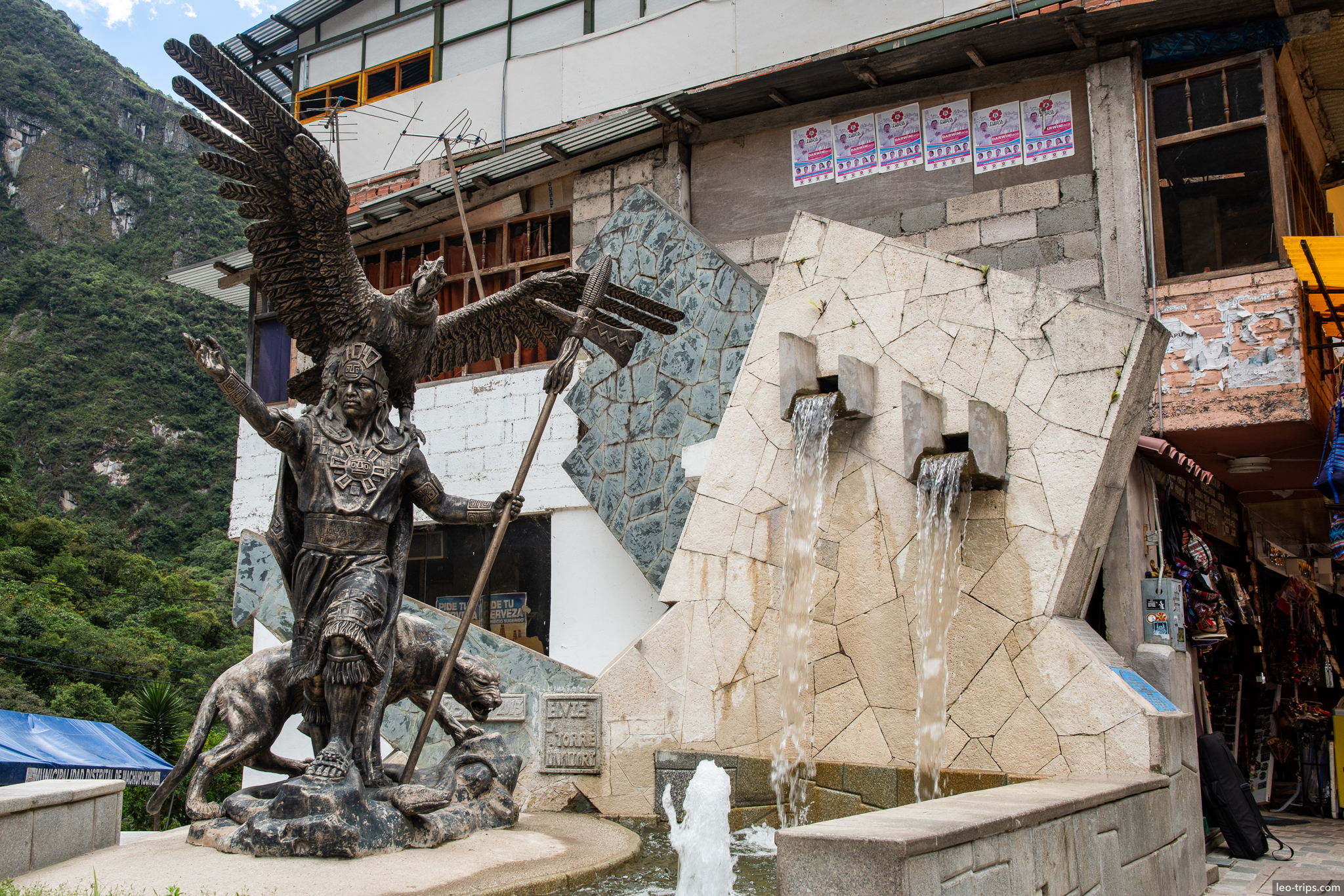 aguas calientes inca warrior statue fountain around aguas calientes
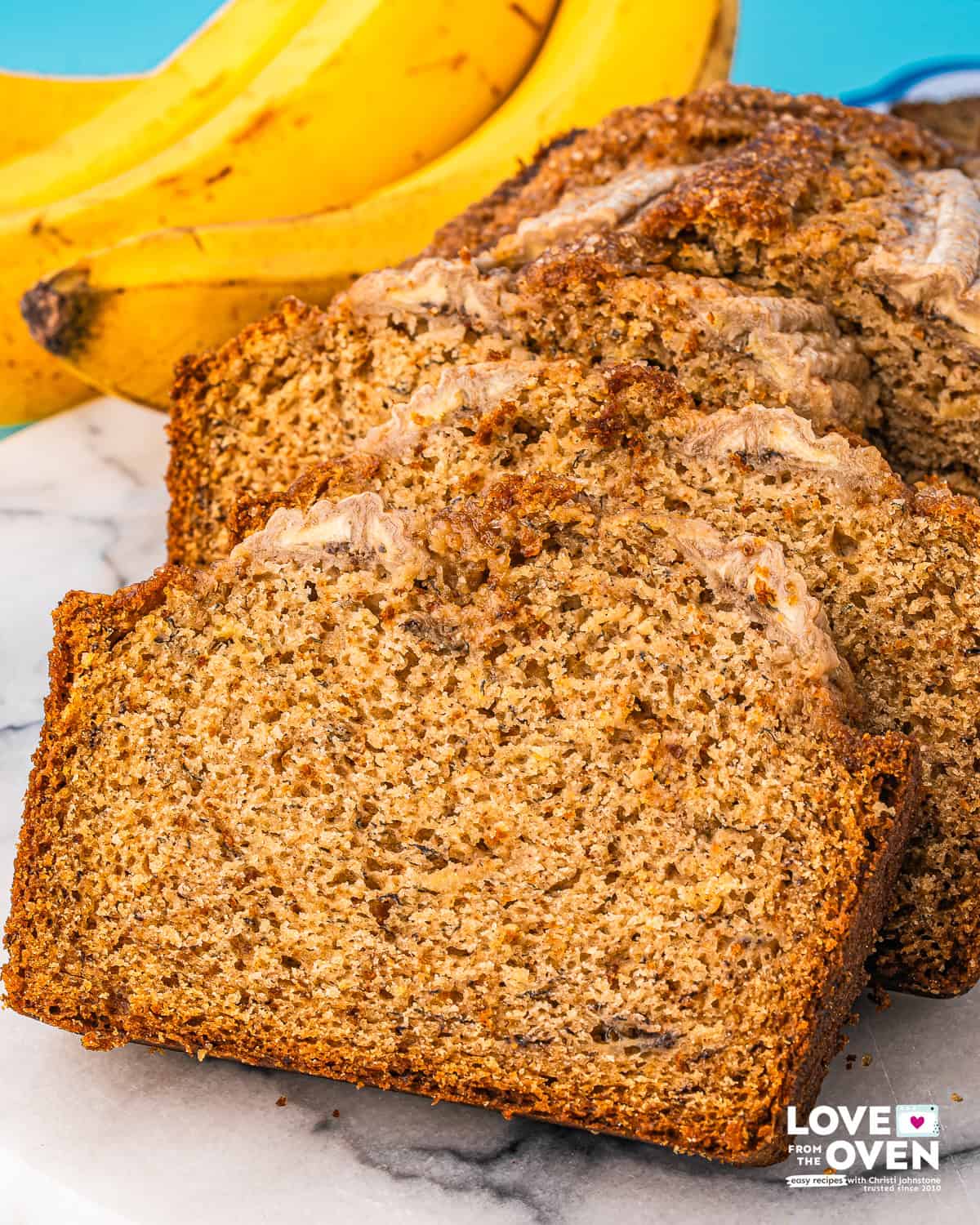 slices of brown butter banana bread lined up on a plate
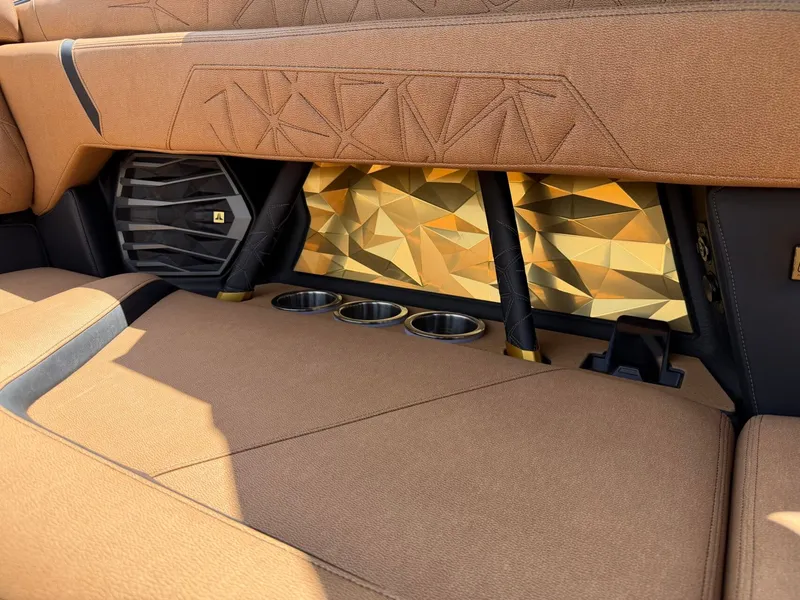 Slide: The Image of Luxurious interior with geometric patterns, speaker, and cup holders in the Nautique Super Air Nautique G23 Paragon. - 23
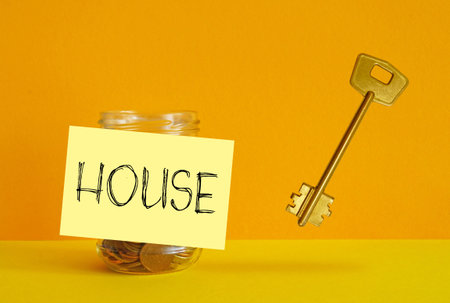 Concept of housing loan, finances and savings for home. Mortgage and taxes concept. A jar with coins and the inscription houseの写真素材
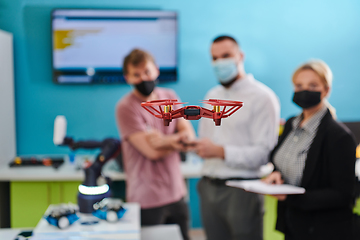 Image showing A group of students working together in a laboratory, dedicated to exploring the aerodynamic capabilities of a drone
════════════════════
What you will do —
What is needed is an exact repeat of the lines from the one containing "Concept of housing" through the last line of the records above, both included, with pictures left out.

Task solution —
 Concept of housing loan, finances and savings for home. Mortgage and taxes concept. A jar with coins and the inscription houseの写真素材
 Image showing A group of students working together in a laboratory, dedicated to exploring the aerodynamic capabilities of a drone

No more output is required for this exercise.